:: Task description ::
Give the records below again, word for word. No pictures belong in the copy.

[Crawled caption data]
/---

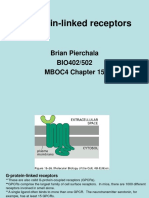 G-Protein-Linked Receptors: Brian Pierchala BIO402/502 MBOC4 Chapter 15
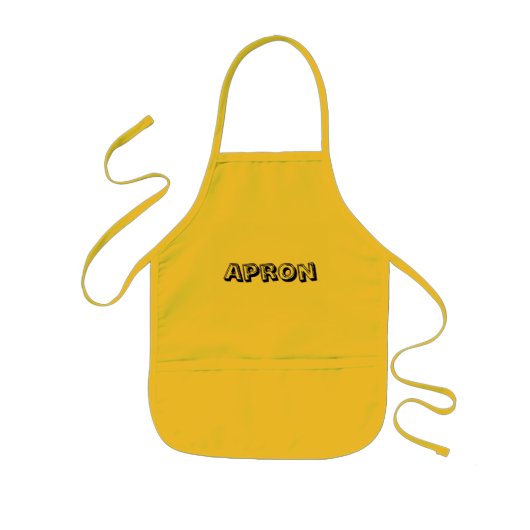Erstelle Dein eigenes Gelb Kinderschürze (Vorne)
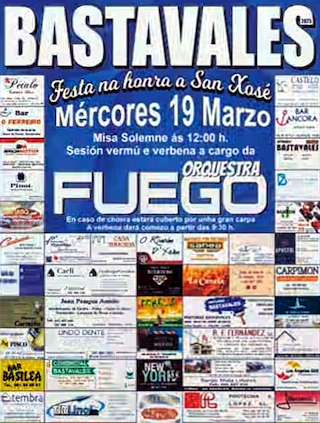 Fechas, información, programa, cartel, imágenes, mapa y ubicación de San Xosé de Bastavales  en  Brión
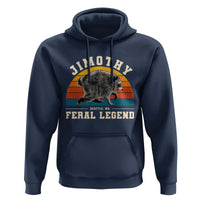 Jimothy from Seattle WA Feral Legend Raccoon Hoodie Viral Trash Panda Vintage Sunset Arch Graphic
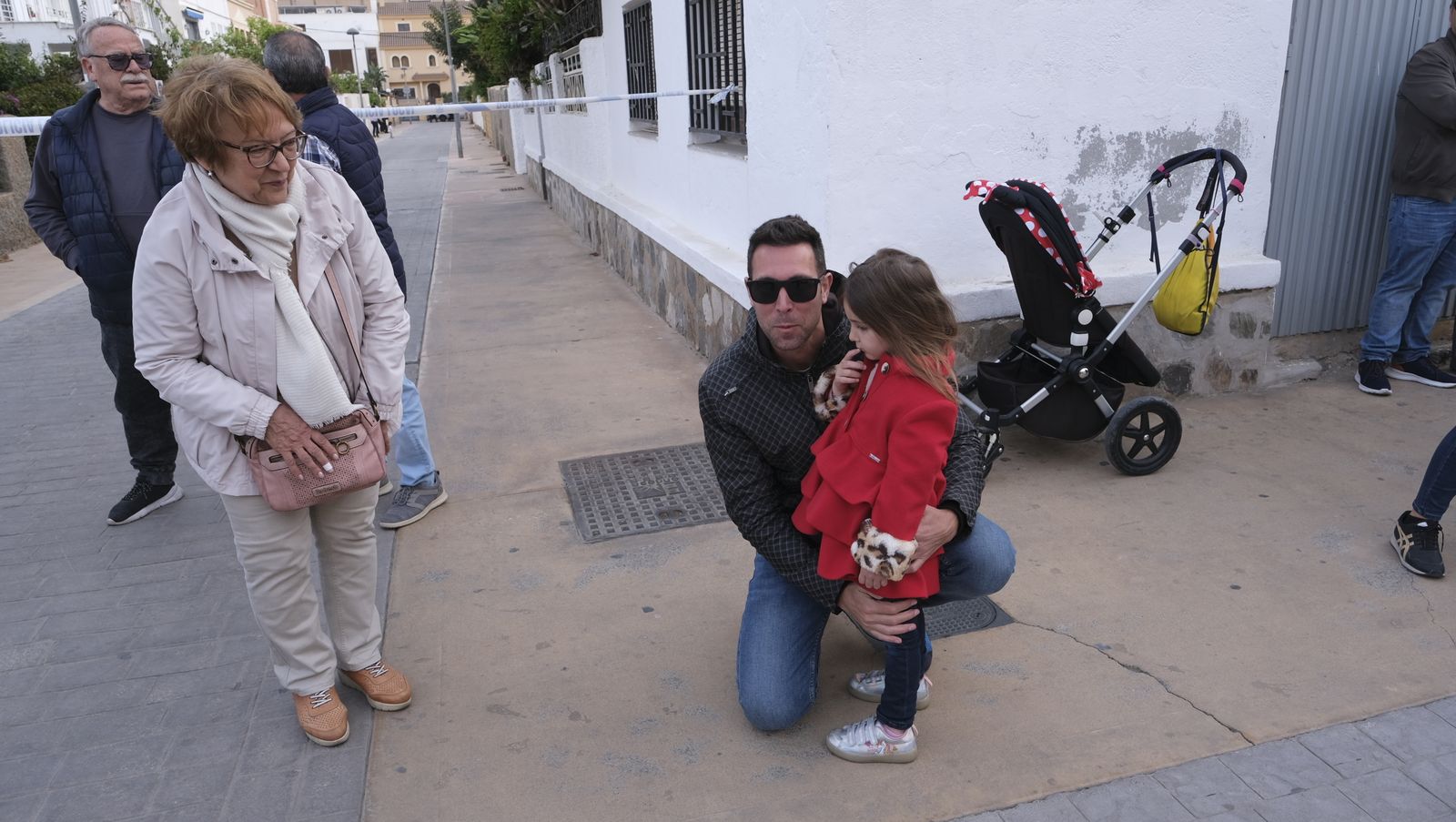 La procesión del Encuentro por las calles de Almería, en imágenes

\---

:: Output below ::
 G-Protein-Linked Receptors: Brian Pierchala BIO402/502 MBOC4 Chapter 15
Erstelle Dein eigenes Gelb Kinderschürze (Vorne)
 Fechas, información, programa, cartel, imágenes, mapa y ubicación de San Xosé de Bastavales  en  Brión
 Jimothy from Seattle WA Feral Legend Raccoon Hoodie Viral Trash Panda Vintage Sunset Arch Graphic
 La procesión del Encuentro por las calles de Almería, en imágenes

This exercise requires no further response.